So random genital distribution is the kryptonite of ultra-orthodox religious leaders? Good to know.
It’s about time the UK took a page from the sharia rule book, and finally found a way to rein in their problem with university debate audiences devolving into drunken orgies of sex and violence. Deadly riots led by rabid debate hooligans were really getting out of hand . . . And at the root of the issue, were all the women mixed into the crowd.
It’s England. That probably really happens. I bet somebody’s been crushed to death against a fence at an Intelligence Squared debate by now.
According to a report by vice-chancellors’ group ‘Universities UK’, as long as the seating chart meets the equality standards of an Alabama public school from 1950, it’s fair: (quote) “Both men and women are being treated equally, as they are both being segregated in the same way.” I’ll repeat that . . . They are both being segregated . . . in the same way . . . by gender. Apartheid was fine too, because blacks and whites were both being segregated by race.
Okay, this is all making perfect sense, of course, but where do the transexuals sit?
Great question. That … was addressed in the FAQs. Hermaphrodites will be allowed entry, but not double entry like normal. Also, they will have to remove their penis or plug an orifice … which seems unfair because nobody else gets to choose their section.
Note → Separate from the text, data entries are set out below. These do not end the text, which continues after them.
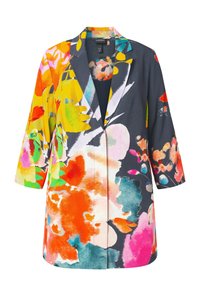 Long blazer avec manches 3/4 présentant un motif floral abstrait audacieux et coloré en orange, rose, jaune, vert et bleu sur fond sombre.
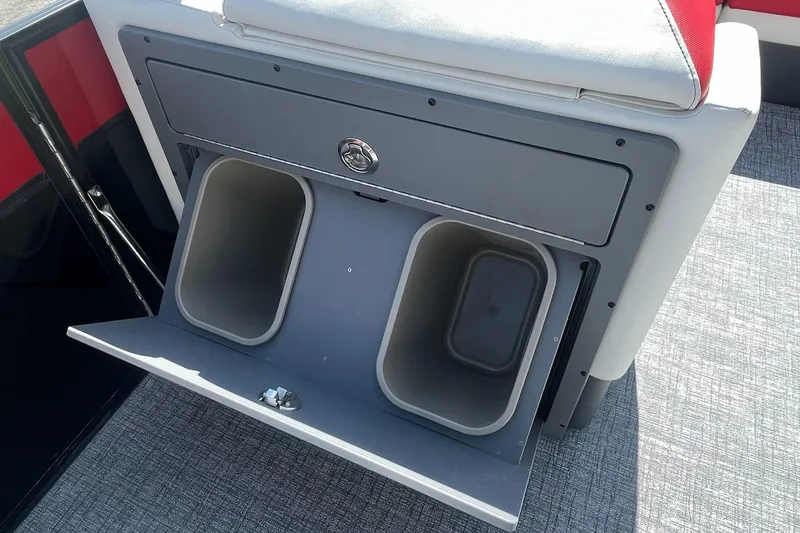 Slide: The Image of 2023 Berkshire 23 RFX STS boat storage compartment with dual bins. - 16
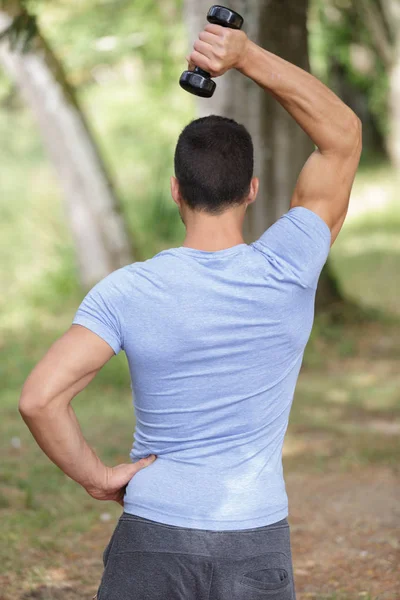 Handsome man with dumbbells standing outdoors — Stock Photo, Image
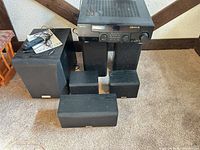 Receiver resting on speakers and all six speakers arranged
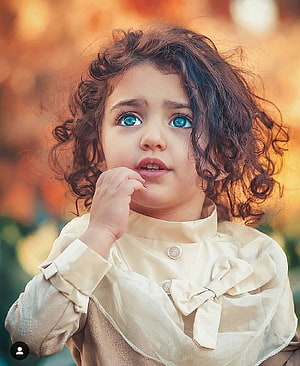 Portrait of a Toddler Girl with Curly Hair and Blue Eyes Wearing a Cream Bow Blouse HD phone wallpaper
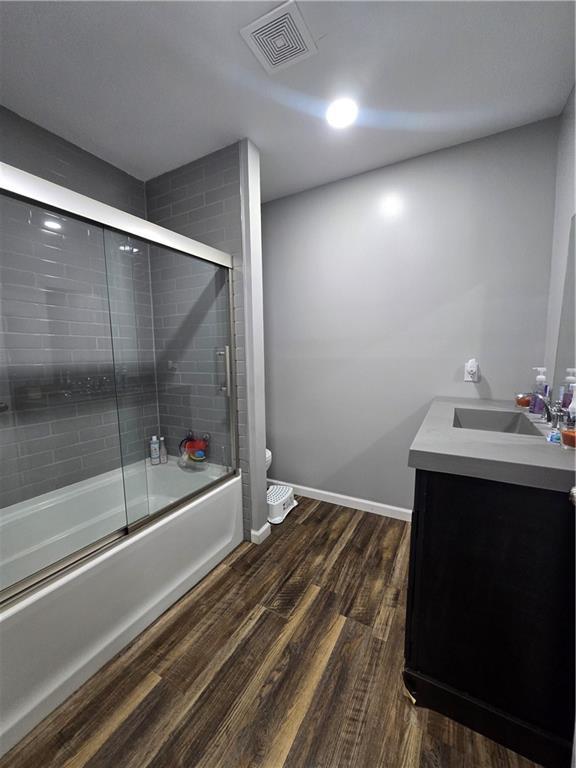 1824 S Grand Ave, Sedalia, MO 65301 - bathroom with vanity, toilet, wood finished floors, visible vents, and bath / shower combo with glass door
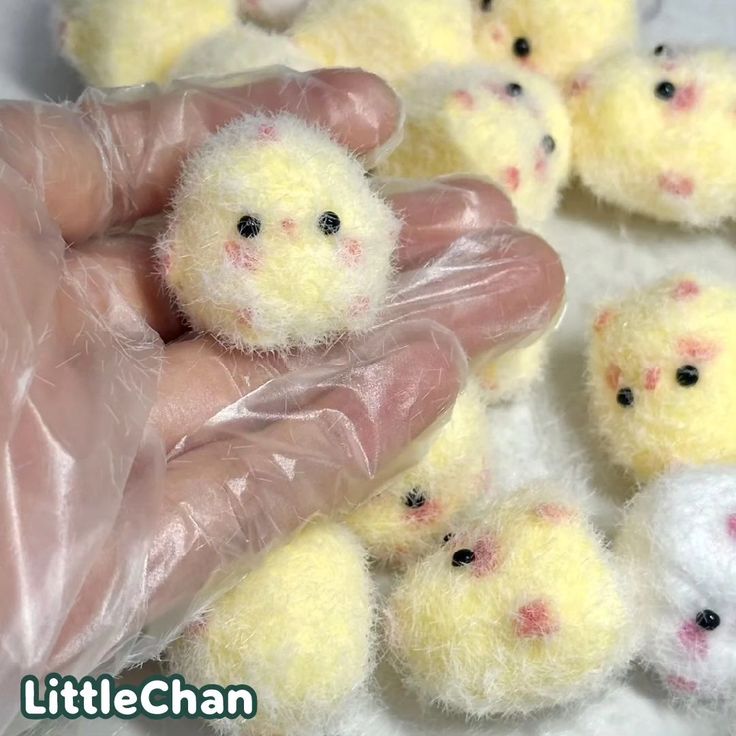 a hand holding a plastic bag over small yellow chicks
And of course, as usual, eunuchs can’t come.
UK Universities allowed to segregate genders during debates: http://www.telegraph.co.uk/education/universityeducation/10468115/Universities-can-segregate-men-and-women-for-debates.html
And in hysterical numerical chimerical clerical news tonight, Methodist Reverend Frank Schaefer was suspended for 30 days for the crime of officiating at his son’s wedding, made heinous by the fact that his son was marrying a dude.
Methodist couples everywhere are already feeling a little gayer, and are up in arms about the so-called “Fairy God Father”.
Schaefer was tried before a jury of clergy and found guilty of not sufficiently hating queers, for which he received a suspension that many feel is tantamount to a defrocking. But considering the kind of macabre historical horrors the term “jury of clergy” conjures in my mind, it could be a hell of a lot worse, I suppose.
Yeah this is really just a slap on the limp wrist. Worst case scenario, the Methodists build a bridge out of him.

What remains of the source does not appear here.